- _Recorded information_:
##########

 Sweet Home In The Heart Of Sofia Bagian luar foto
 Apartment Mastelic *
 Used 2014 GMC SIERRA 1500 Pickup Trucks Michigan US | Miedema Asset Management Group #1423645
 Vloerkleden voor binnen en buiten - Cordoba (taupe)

##########

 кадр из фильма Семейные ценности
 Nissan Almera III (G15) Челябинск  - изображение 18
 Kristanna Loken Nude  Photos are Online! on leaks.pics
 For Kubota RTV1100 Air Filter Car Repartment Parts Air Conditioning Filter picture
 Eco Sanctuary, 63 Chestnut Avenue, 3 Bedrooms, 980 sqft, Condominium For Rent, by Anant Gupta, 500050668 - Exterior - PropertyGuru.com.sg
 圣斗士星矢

##########

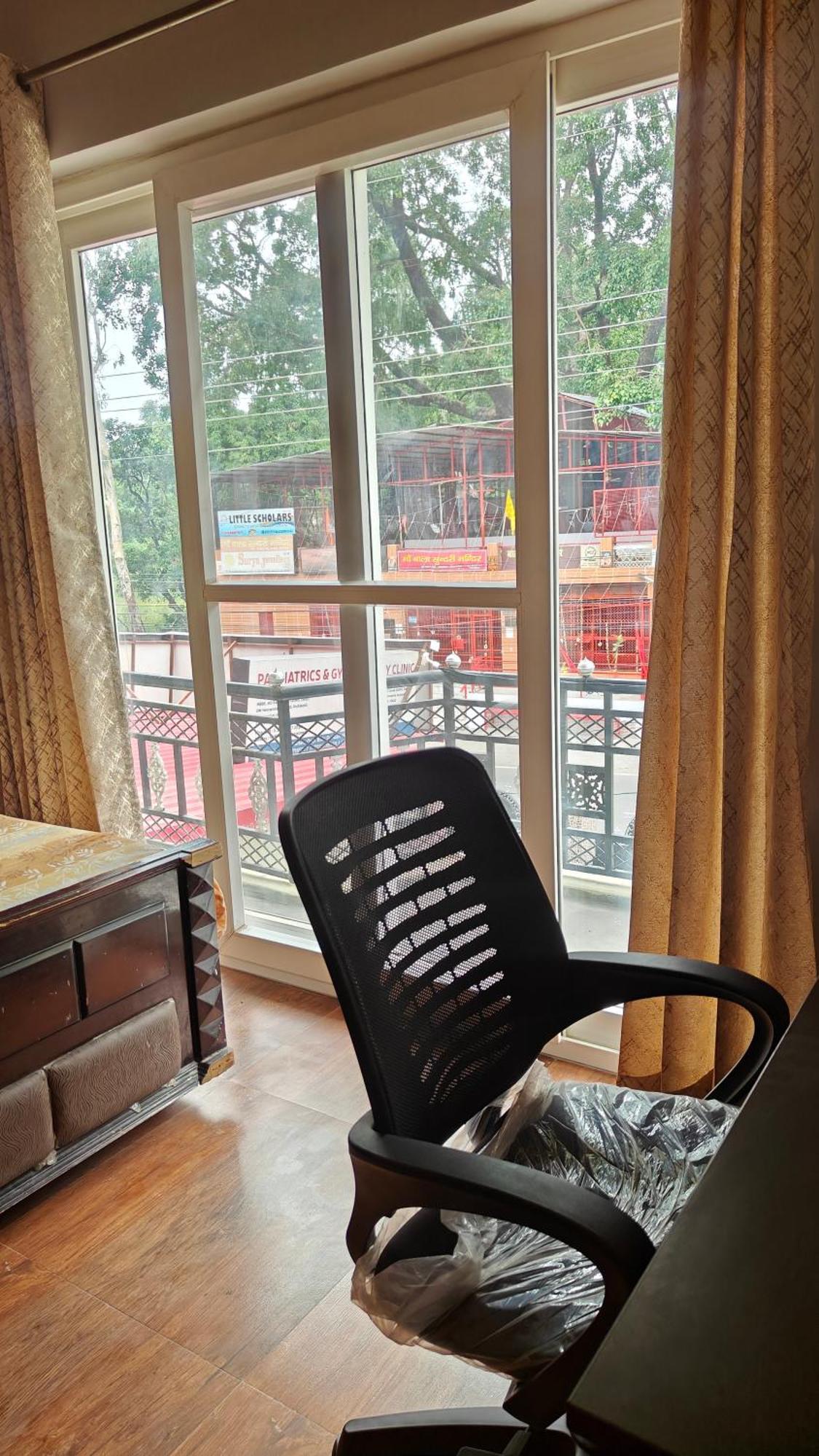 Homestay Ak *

##########

- _What the task requires_:
Starting with the line that holds "кадр из фильма Семейные ценности" and ending with the line that holds "For Kubota RTV1100", retype every line in the data above exactly, and nothing else.

- _Response to this task_:
 кадр из фильма Семейные ценности
 Nissan Almera III (G15) Челябинск  - изображение 18
 Kristanna Loken Nude  Photos are Online! on leaks.pics
 For Kubota RTV1100 Air Filter Car Repartment Parts Air Conditioning Filter picture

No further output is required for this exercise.